• **What the task requires**: You are asked to write out the full listing exactly as it stands.

--- Data provided Enclosed Below ---

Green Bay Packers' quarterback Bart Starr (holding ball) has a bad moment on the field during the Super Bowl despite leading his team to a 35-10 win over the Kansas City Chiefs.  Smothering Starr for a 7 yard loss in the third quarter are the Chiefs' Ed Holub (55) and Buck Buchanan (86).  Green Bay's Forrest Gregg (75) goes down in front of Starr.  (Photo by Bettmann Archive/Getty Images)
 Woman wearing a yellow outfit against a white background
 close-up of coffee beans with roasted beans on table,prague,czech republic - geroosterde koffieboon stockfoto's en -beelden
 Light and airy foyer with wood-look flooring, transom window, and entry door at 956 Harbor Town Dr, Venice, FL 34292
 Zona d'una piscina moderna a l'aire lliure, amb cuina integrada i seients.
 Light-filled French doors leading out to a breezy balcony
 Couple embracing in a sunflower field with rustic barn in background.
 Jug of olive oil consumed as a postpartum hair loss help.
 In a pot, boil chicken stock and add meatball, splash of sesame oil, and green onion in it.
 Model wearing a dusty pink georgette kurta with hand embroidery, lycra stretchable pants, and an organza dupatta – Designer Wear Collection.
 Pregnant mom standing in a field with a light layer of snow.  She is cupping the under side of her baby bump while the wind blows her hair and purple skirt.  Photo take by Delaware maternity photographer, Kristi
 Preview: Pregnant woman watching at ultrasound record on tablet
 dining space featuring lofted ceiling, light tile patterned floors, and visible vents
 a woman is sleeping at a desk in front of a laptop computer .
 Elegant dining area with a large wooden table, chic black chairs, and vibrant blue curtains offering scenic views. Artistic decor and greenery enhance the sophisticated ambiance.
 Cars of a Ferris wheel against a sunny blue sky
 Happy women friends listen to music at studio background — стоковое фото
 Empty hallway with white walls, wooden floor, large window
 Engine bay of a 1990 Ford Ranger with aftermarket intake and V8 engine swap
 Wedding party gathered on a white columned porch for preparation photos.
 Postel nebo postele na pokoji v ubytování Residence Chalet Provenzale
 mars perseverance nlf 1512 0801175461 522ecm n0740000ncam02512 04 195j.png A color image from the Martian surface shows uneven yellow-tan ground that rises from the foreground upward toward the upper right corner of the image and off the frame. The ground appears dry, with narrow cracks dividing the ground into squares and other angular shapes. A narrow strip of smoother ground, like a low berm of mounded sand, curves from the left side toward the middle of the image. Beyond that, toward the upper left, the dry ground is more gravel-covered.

--- End of Enclosed Data provided ---

• **Result of the exercise**:
Green Bay Packers' quarterback Bart Starr (holding ball) has a bad moment on the field during the Super Bowl despite leading his team to a 35-10 win over the Kansas City Chiefs.  Smothering Starr for a 7 yard loss in the third quarter are the Chiefs' Ed Holub (55) and Buck Buchanan (86).  Green Bay's Forrest Gregg (75) goes down in front of Starr.  (Photo by Bettmann Archive/Getty Images)
 Woman wearing a yellow outfit against a white background
 close-up of coffee beans with roasted beans on table,prague,czech republic - geroosterde koffieboon stockfoto's en -beelden
 Light and airy foyer with wood-look flooring, transom window, and entry door at 956 Harbor Town Dr, Venice, FL 34292
 Zona d'una piscina moderna a l'aire lliure, amb cuina integrada i seients.
 Light-filled French doors leading out to a breezy balcony
 Couple embracing in a sunflower field with rustic barn in background.
 Jug of olive oil consumed as a postpartum hair loss help.
 In a pot, boil chicken stock and add meatball, splash of sesame oil, and green onion in it.
 Model wearing a dusty pink georgette kurta with hand embroidery, lycra stretchable pants, and an organza dupatta – Designer Wear Collection.
 Pregnant mom standing in a field with a light layer of snow.  She is cupping the under side of her baby bump while the wind blows her hair and purple skirt.  Photo take by Delaware maternity photographer, Kristi
 Preview: Pregnant woman watching at ultrasound record on tablet
 dining space featuring lofted ceiling, light tile patterned floors, and visible vents
 a woman is sleeping at a desk in front of a laptop computer .
 Elegant dining area with a large wooden table, chic black chairs, and vibrant blue curtains offering scenic views. Artistic decor and greenery enhance the sophisticated ambiance.
 Cars of a Ferris wheel against a sunny blue sky
 Happy women friends listen to music at studio background — стоковое фото
 Empty hallway with white walls, wooden floor, large window
 Engine bay of a 1990 Ford Ranger with aftermarket intake and V8 engine swap
 Wedding party gathered on a white columned porch for preparation photos.
 Postel nebo postele na pokoji v ubytování Residence Chalet Provenzale
 mars perseverance nlf 1512 0801175461 522ecm n0740000ncam02512 04 195j.png A color image from the Martian surface shows uneven yellow-tan ground that rises from the foreground upward toward the upper right corner of the image and off the frame. The ground appears dry, with narrow cracks dividing the ground into squares and other angular shapes. A narrow strip of smoother ground, like a low berm of mounded sand, curves from the left side toward the middle of the image. Beyond that, toward the upper left, the dry ground is more gravel-covered.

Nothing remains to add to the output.